I can still recall the home my sister and I grew up in with our parents.  It was a modest sized, wood frame home with one bathroom, small closets and a really big yard.  The home reflected the priorities of the time for working class families – minimal storage but big yards.  My sister and I lived outside when we were young.  We played with all the neighborhood kids, dads called us in when dusk settled over the neighborhood, dinners were homemade by our moms.  Yes, it was a simpler time.  Yet I know my parents stressed over money, I know they budgeted, I know unexpected expenses occurred periodically and they juggled their money around to pay for the whatever.  But, our happiness and yes, success as a family, was not based on money, goods and purchases, or achieving any particular status.  It was based on love, respect, lots of time spent together and some great dinner conversations .  Our treats were Sunday lunch at the local cafeteria after church services, the occasional movie at the theater, a periodic weekend trip to a new place in Texas to explore or visiting grandparents, aunts, uncles and cousins in Hico, Fairy (there is a story that explains that name!) and Stephenville Texas.  As I reflect on my early years I can’t help but think about what our lives didn’t include:

  • shopping used as a pastime, buying unnecessary items
  • dining out several times a week (I was in high school before I ever tried pizza!)
  • having routine garage sales to get rid of the excess
  • reading lots of articles in magazines on what to do with the excess!
  • watching a lot of television – if we tried Mama came along and told us to turn it off and go do something!
  • supersizing anything
  • getting bored!  I’m sure there were times when my sister and I were bored.  But we typically found something to do.
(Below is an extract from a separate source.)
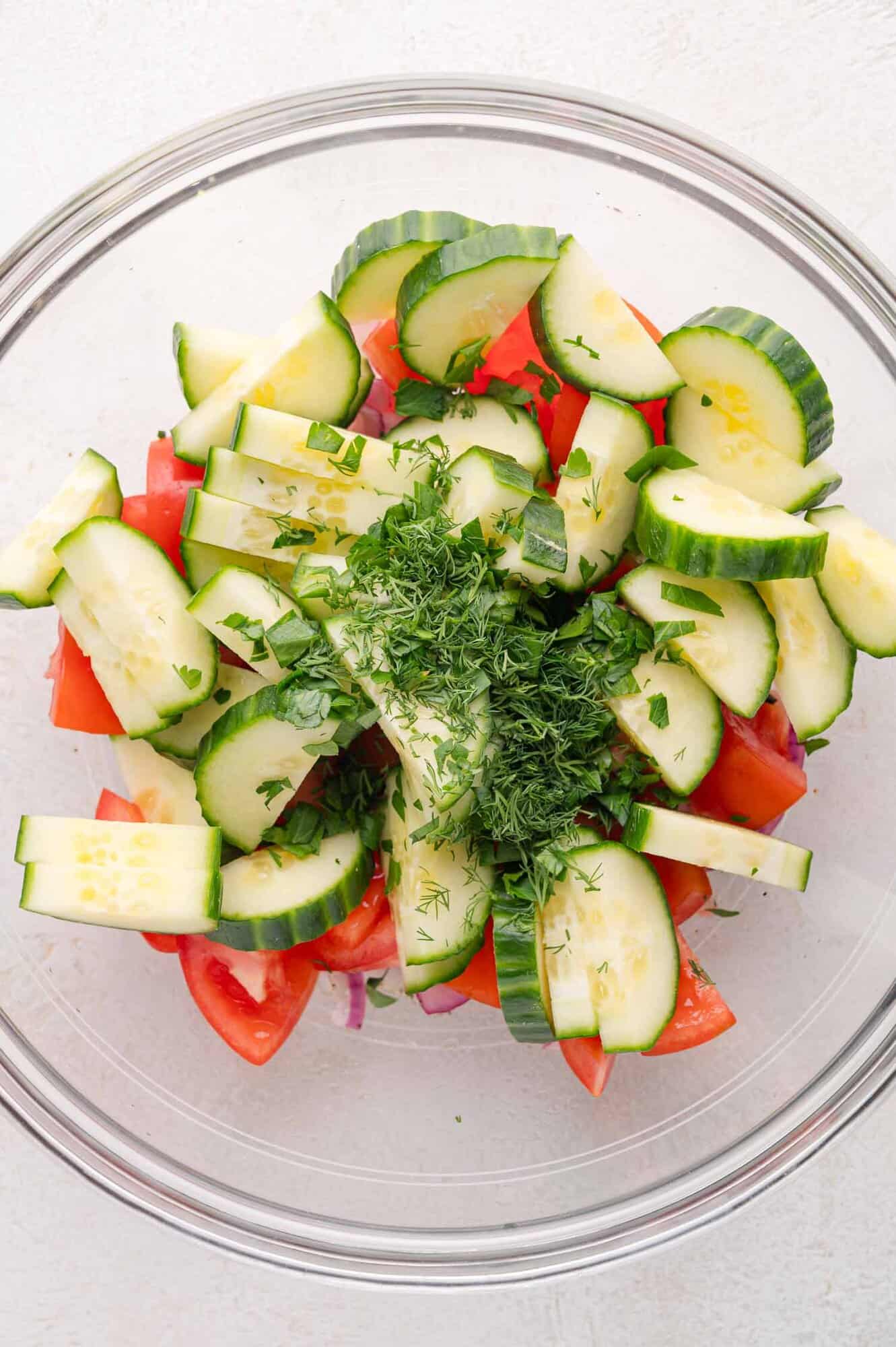 A glass bowl filled with sliced cucumbers, chopped tomatoes, red onions, and fresh chopped herbs on a light surface.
So, does the above list have to be relegated to the past?  Let’s work on a collective NO! Instead, let’s turn one of the above ideas into a positive – let’s work towards less so we can actually have more!

xo, Carolyn

 

 

4 Replies

  1. I can totally resonate with this. I did grow up in the city but my family was really good at just making do with what we had. We did go shopping sometimes and we did have a few extra things here and there but it wasn’t till I got much older that I realize my family was not like the typical American family. Sometimes I definitely miss being a kid but my outlook on simplicity makes me want that for my own family one day. Thanks for sharing this. Made me smile

    1. Carolyn

      I’m so glad that I made you smile! That made my day! You know, I have a better appreciation for our mothers and grandmothers who knew how to make do as opposed to the constant running to the store to get what we think we need. They really were beautiful, creative women!

  2. Alice

    I thought I was the only one who never had pizza till a teenager. Thank you for sharing your memories. Simple is better, a little more peaceful anyway.

    1. Carolyn

      Alice, there is comfort in knowing there were at least 2 of us enjoying pizza “late in life”!